Somitic muscle growth: a new model for the role of force in morphogenesis

体节肌肉生长：力在形态发生中作用的新模型

• 批准号: G1001029-E01/1
• 负责人: Simon Hughes
• 金额: $ 232.54万
• 依托单位: King's College London
• 依托单位国家: 英国
• 项目类别: Research Grant
• 财政年份: 2011
• 资助国家: 英国
• 起止时间: 2011 至 无数据
• 项目状态: 已结题
• 来源: https://gtr.ukri.org/projects?ref=G1001029-E01%2F1
• 关键词: Somitic; muscle; growth; new; model

Skeletal muscle makes up 40% of our body mass and its maintenance is essential to a good quality of life. In muscle diseases, cancer, chronic kidney failure, AIDS and rheumatoid arthritis, and particularly in older or hospitalised people, muscle wasting is a serious problem. The physical force of exercise prevents wasting by promoting muscle growth. How the body decides what is an appropriate amount of muscle is unknown, but a likely mechanism is feedback from the force of muscle contraction. We want to find out how muscle tissue detects force and responds by growing. In the past, we have discovered how early muscle is made in similar ways in fish, mice and people. Now, we want to study the role of force in later muscle growth. So our first aim is determine how muscle normally grows and how force and other signals influence growth. We will use young zebrafish because they are a) transparent, so that we can study muscle growth in the living animal, b) easy to manipulate genetically, so we can find out what genes control growth, c) small and accessible, so we can measure and impose forces in the living muscle. These things are more difficult to do in mammals. Our second aim is to understand how muscle detects force and uses the information to orchestrate growth. Muscle fibre ends transmit force to adjacent tissues by means of a complex set of proteins that form attachments to neighbouring cells. Evidence leads us to hypothesise that these attachments are also force-detectors that initiate the process of growth in response to certain kinds of contractile activity. We will study the composition and dynamics of the protein complex at fibre ends and test its role in force detection and growth response. Muscle is continually damaged during life and is normally repaired by stem cells, which also contribute to growth. Our third aim is to understand how muscle stem cells form, where they reside, and how force or other signals regulate their behaviour to coordinate muscle growth and repair. Bone, heart and skin also respond to force by altered growth. Understanding the force detection and response systems in skeletal muscle is likely to illuminate the role of force in biology and regenerative medicine more generally.

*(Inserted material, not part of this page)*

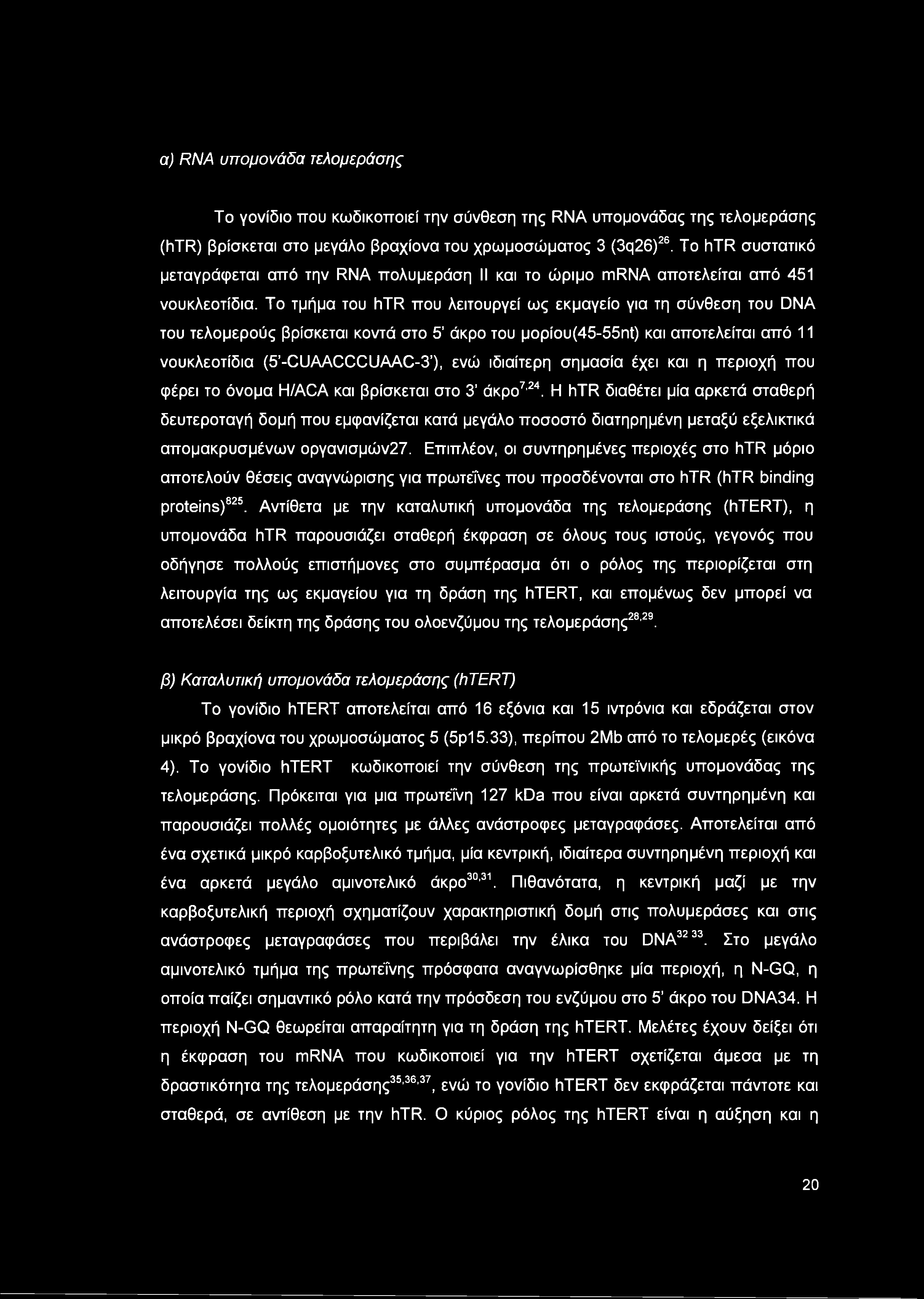 Το τμήμα του htr που λειτουργεί ως εκμαγείο για τη σύνθεση του DNA του τελομερούς βρίσκεται κοντά στο 5 άκρο του popiou(45-55nt) και αποτελείται από 11 νουκλεοτίδια (5 -CUAACCCUAAC-3 ), ενώ ιδιαίτερη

骨骼肌占我们身体质量的40%，它的维持对良好的生活质量至关重要。在肌肉疾病、癌症、慢性肾功能衰竭、艾滋病和类风湿性关节炎中，尤其是在老年人或住院患者中，肌肉萎缩是一个严重的问题。锻炼的体力可以通过促进肌肉生长来防止消瘦。身体如何决定肌肉的适量尚不清楚，但一个可能的机制是来自肌肉收缩力量的反馈。我们想要找出肌肉组织是如何通过生长来检测力和反应的。在过去，我们已经发现鱼、老鼠和人的早期肌肉是如何以相似的方式形成的。现在，我们想研究力量在以后肌肉生长中的作用。因此，我们的第一个目标是确定肌肉正常生长的方式，以及力和其他信号如何影响生长。我们将使用幼年斑马鱼，因为它们是透明的，这样我们就可以研究活着的动物的肌肉生长，b)容易进行基因操作，这样我们就可以找出控制生长的基因，c)小而容易接近，这样我们就可以测量活着的肌肉并施加力量。这些事情在哺乳动物身上更难做到。我们的第二个目标是了解肌肉如何探测力，并利用这些信息来协调生长。肌肉纤维末端通过一组复杂的蛋白质将力传递给邻近组织，这些蛋白质形成了与邻近细胞的连接。证据引导我们假设，这些附着物也是力探测器，它们启动了对某些类型的收缩活动做出反应的生长过程。我们将研究纤维末端蛋白质复合体的组成和动力学，并测试其在力检测和生长反应中的作用。肌肉在生命中不断受损，通常由干细胞修复，干细胞也有助于生长。我们的第三个目标是了解肌肉干细胞是如何形成的，它们在哪里居住，以及力或其他信号如何调节它们的行为，以协调肌肉的生长和修复。骨骼、心脏和皮肤也会因生长变化而对力做出反应。了解骨骼肌中的力检测和反应系统可能会更广泛地阐明力在生物学和再生医学中的作用。